Atezolizumab may benefit some metastatic urothelial carcinoma patients
medwireNews: Atezolizumab does not significantly improve survival over chemotherapy in patients with platinum-refractory metastatic urothelial carcinoma overexpressing programmed cell death ligand 1 (PD-L1), phase III study data show.
However, patients receiving atezolizumab had fewer adverse events compared with chemotherapy, and exploratory analyses of the intention-to-treat (ITT) population showed durable responses in line with previous phase II data for atezolizumab in this setting.
“[I]n view of the high unmet need in this population, the well tolerated, durable remissions observed with atezolizumab, and the complications associated with chemotherapy, the benefit–risk ratio for atezolizumab can be considered favourable for patients with metastatic urothelial carcinoma previously treated with platinum-containing regimens,” Thomas Powles (Queen Mary University of London, UK) and co-authors remark.

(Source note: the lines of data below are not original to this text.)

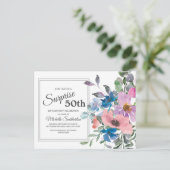 Paarse blauwe roze Waterverf Floral 50e verjaardag Briefkaart (Staand voorkant)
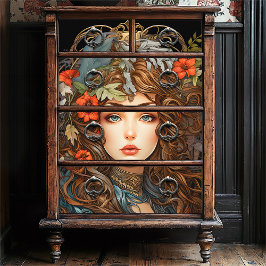 ヴィンテージアールヌーボーフローラ女神ボビクトリアンホ 薄葉紙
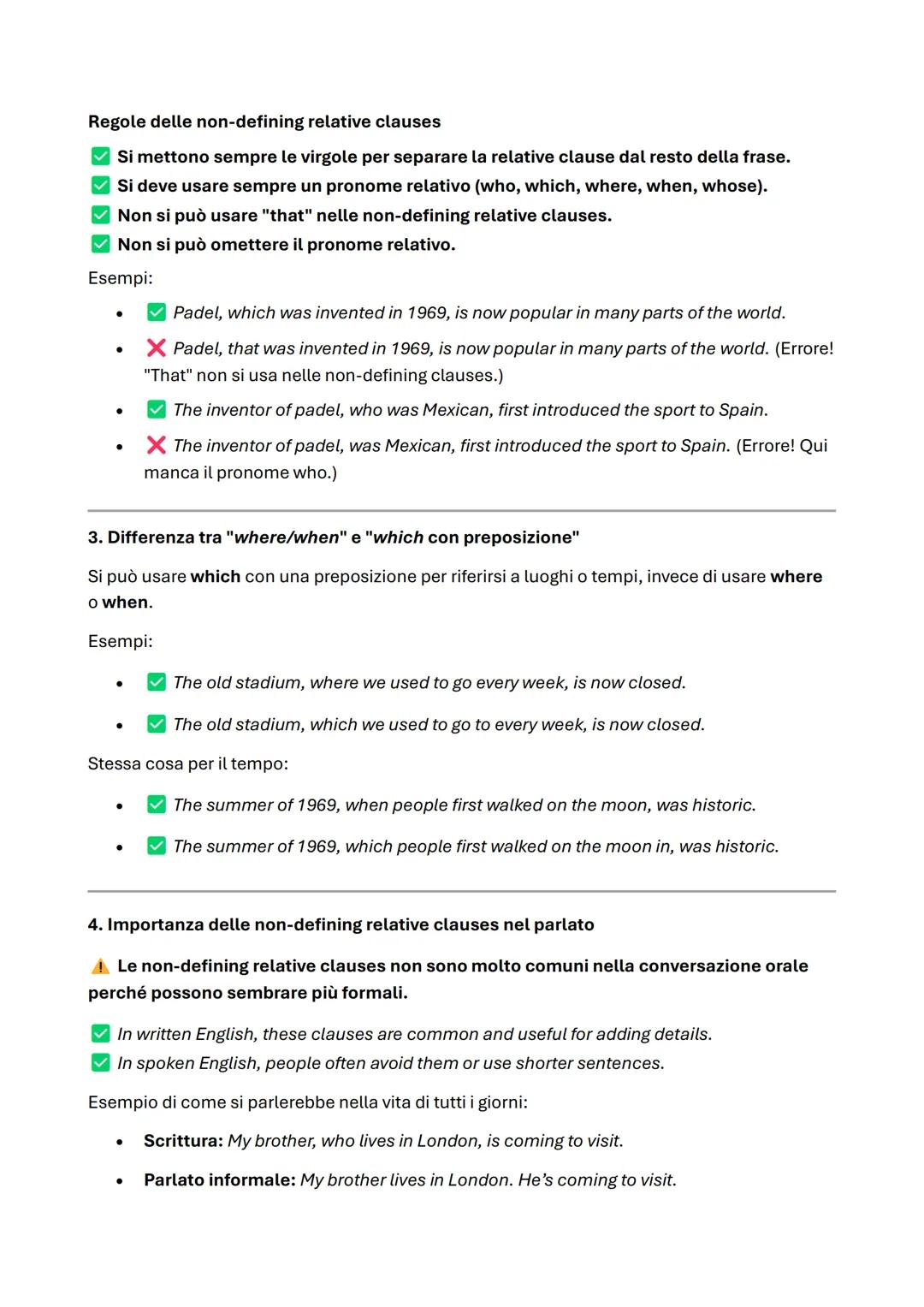 # Relative Clauses
Le relative clauses sono frasi subordinate che servono a dare più informazioni su una
persona, un oggetto, un luogo o un 
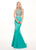 Rachel Allan - 6478 Two Piece Embroidered Satin Mermaid Gown In Green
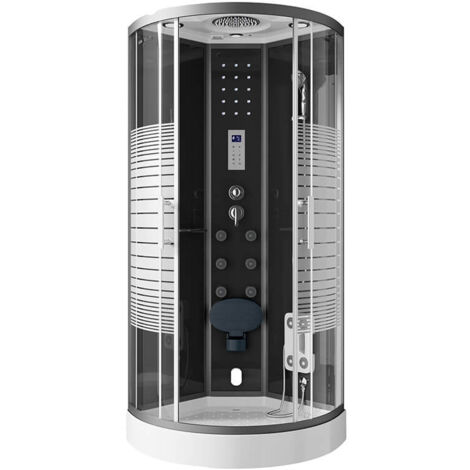Home Deluxe - Doccia a vapore con cascata e sauna a vapore BLACK PEARL Colore: Nero, Dimensioni: 100 x 100 cm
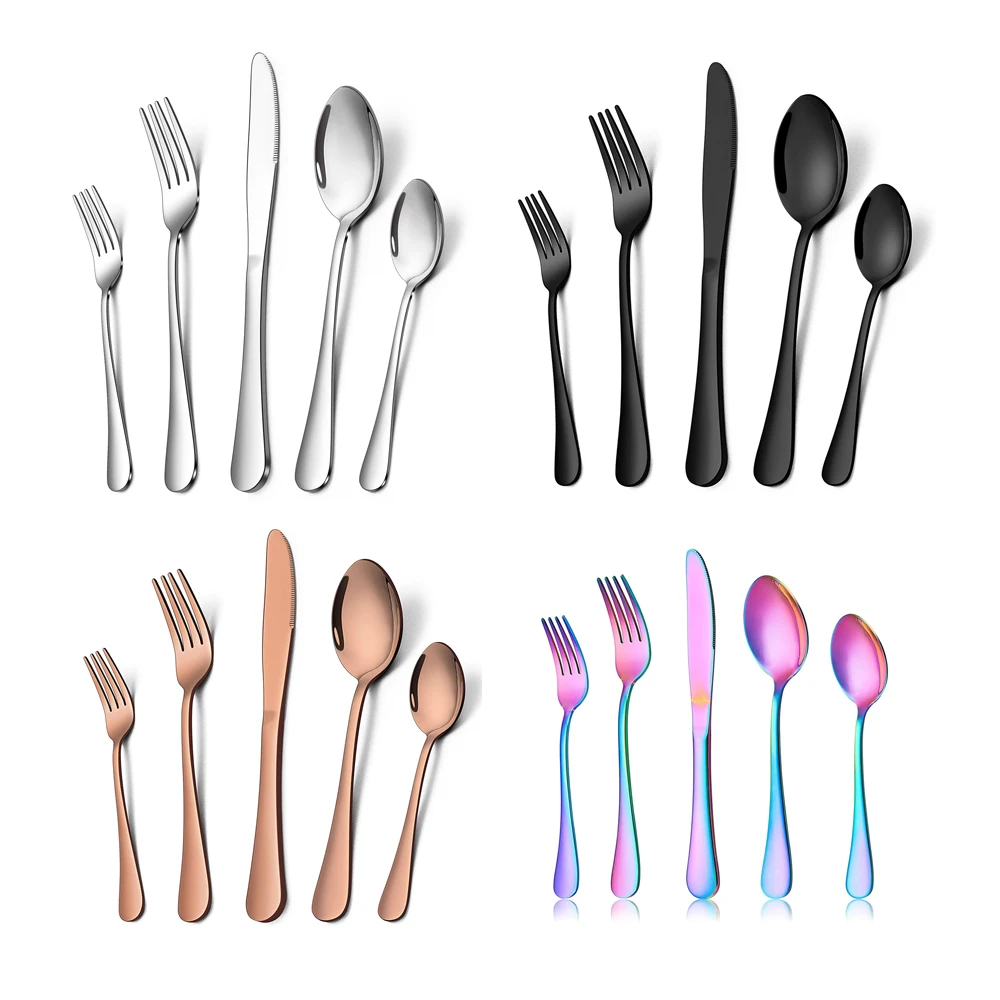 US stocks cutlery sets luxury wed spoon and fork stainless steel black gold silverware cutlery flatware sets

For the IMvigor211 trial, the researchers randomly assigned adults (aged ≥18 years) with metastatic urothelial carcinoma who had progressed after platinum-based chemotherapy to receive atezolizumab 1200 mg (n=467) or the physician’s choice of chemotherapy (vinflunine, paclitaxel, or docetaxel; n=464) intravenously every 3 weeks.
Randomization and data analysis were stratified by PD-L1 expression on tumor-infiltrating immune cells, chemotherapy type (vinflunine vs taxanes), and the presence of liver metastases.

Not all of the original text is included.